Hoeven Again Presses Risk Management For More Flexible Disaster Assistance For North Dakota Producers

BISMARCK, N.D. – Senator John Hoeven today again pressed USDA’s Risk Management Agency (RMA) Administrator William Murphy to make the agency’s crop insurance rules for Prevented Planting more flexible to aid North Dakota farmers in flood-impacted areas of the state. 

Hoeven met with Murphy in early May to press for a more accessible program for producers who have suffered losses due to prolonged flooding throughout North Dakota. He followed up with a letter urging the administrator to adjust current policy, considering the extraordinary circumstances of flooding statewide, including Devils Lake, the Souris River Basin and the Missouri River Basin. 

The existing Prevented Planting policy does not allow a claim on any farmland inundated for more than two years in a row or on farmland for which the initial cause of loss occurred in a prior year.
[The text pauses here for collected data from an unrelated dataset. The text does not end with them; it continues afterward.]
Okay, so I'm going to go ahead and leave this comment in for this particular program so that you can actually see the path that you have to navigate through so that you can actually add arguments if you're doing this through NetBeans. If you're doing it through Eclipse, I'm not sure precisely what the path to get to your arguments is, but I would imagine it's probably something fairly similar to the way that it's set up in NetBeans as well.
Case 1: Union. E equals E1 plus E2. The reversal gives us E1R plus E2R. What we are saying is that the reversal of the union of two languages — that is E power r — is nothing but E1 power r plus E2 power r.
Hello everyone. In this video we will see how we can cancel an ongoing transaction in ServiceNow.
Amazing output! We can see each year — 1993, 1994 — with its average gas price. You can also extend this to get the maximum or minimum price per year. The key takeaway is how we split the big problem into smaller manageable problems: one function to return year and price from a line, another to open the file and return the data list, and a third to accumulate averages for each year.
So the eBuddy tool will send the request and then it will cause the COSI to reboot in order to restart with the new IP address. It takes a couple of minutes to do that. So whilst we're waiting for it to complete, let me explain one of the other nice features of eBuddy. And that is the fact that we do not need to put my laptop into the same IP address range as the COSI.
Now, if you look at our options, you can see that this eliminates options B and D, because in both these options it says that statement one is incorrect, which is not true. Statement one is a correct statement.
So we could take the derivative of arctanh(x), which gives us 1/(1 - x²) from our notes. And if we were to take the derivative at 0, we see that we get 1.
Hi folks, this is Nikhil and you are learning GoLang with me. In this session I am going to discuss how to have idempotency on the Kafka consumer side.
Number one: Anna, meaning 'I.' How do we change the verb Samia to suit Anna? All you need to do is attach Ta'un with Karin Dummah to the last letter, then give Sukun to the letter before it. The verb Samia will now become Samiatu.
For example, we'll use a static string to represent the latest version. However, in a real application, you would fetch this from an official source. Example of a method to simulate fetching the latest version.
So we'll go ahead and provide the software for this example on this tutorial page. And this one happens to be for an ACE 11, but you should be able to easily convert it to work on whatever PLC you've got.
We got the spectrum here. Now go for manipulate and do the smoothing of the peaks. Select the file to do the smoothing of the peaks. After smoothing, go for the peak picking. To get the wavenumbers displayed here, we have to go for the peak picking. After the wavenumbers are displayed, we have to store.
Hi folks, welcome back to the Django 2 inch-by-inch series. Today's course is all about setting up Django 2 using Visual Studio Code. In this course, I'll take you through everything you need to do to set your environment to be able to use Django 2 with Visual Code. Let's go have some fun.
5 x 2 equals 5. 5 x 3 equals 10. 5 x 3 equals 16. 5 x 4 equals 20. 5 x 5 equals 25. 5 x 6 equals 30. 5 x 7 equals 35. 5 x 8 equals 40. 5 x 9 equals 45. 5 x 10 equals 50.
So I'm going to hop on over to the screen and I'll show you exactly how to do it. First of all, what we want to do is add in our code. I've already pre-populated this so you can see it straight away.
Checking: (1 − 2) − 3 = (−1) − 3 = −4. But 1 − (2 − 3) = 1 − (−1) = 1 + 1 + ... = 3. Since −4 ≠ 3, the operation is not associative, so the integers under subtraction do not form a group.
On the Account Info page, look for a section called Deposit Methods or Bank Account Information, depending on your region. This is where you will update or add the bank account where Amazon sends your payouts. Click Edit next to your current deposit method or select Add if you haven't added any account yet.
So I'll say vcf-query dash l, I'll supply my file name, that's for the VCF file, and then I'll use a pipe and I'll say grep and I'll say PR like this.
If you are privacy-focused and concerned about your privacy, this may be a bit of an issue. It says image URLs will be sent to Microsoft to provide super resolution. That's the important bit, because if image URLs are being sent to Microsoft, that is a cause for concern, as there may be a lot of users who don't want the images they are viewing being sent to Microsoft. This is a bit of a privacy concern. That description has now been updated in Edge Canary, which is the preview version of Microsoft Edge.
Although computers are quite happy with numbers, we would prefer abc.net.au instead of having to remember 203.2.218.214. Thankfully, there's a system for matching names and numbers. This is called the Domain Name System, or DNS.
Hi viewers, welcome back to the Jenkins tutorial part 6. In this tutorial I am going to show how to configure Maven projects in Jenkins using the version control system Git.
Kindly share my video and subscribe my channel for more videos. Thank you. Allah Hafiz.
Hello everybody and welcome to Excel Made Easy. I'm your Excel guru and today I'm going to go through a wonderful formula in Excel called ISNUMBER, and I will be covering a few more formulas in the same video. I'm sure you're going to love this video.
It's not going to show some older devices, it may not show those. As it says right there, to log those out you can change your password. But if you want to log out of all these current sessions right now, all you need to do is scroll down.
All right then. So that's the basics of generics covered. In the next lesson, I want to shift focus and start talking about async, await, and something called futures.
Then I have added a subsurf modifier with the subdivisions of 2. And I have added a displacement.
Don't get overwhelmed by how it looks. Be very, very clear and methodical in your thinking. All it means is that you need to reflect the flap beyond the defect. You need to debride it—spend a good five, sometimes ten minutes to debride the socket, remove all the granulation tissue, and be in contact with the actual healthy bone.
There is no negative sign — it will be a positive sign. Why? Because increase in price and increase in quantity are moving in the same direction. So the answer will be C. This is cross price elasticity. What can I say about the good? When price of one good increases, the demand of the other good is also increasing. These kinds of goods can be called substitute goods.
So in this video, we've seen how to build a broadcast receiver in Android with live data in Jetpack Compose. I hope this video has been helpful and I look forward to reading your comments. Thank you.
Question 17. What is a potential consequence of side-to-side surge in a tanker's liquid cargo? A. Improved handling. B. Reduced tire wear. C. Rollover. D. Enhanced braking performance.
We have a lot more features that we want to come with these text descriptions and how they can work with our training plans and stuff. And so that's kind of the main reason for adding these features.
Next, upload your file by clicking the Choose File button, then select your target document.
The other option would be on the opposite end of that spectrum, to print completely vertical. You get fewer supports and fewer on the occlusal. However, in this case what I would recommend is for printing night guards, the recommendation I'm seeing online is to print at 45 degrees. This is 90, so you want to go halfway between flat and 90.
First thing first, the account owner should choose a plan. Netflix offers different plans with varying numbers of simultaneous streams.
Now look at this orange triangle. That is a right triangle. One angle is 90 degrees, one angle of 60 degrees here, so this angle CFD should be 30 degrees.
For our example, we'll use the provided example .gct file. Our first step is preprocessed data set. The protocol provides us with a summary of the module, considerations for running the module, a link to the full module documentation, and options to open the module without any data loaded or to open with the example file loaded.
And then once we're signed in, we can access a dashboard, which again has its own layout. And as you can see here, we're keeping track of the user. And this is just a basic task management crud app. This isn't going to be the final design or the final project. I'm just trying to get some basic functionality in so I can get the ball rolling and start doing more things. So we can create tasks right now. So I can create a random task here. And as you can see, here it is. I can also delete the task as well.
This policy adversely affects many farmers in the Devils Lake area, which is currently in a wet cycle.  The changes Hoeven is pressing for would be especially helpful to them, many of whom have experienced heavy rains for two consecutive years and have thousands of acres under water. 

Hoeven has also been pushing the agency to make the Wetland Reserve Program (WRP), the Conservation Reserve Program (CRP) and other federal assistance more easily available for farmers to help with unproductive or inundated land.  However, these programs have long easement durations and many acres are ineligible for them because of the amount of water on the land, making access to Prevented Planting a necessity.  Hoeven has pushed for shorter easements. 

Changing the Prevented Planting policy will help more farmers that are caught in between the current policy and other available programs. Devils Lake, for example, now has an additional 140,000 acres inundated, or about 215 square miles, compared to its area in 1994, when the lake was 44,000 acres. Much of that land will be put back into production once the lake recedes. 

“Farmers throughout North Dakota have endured real hardship, financially and personally,” Hoeven said. “It’s vitally important that the USDA look not only at Prevented Planting, but at the full range of emergency programs available to help farmers make it through these very difficult flood years.”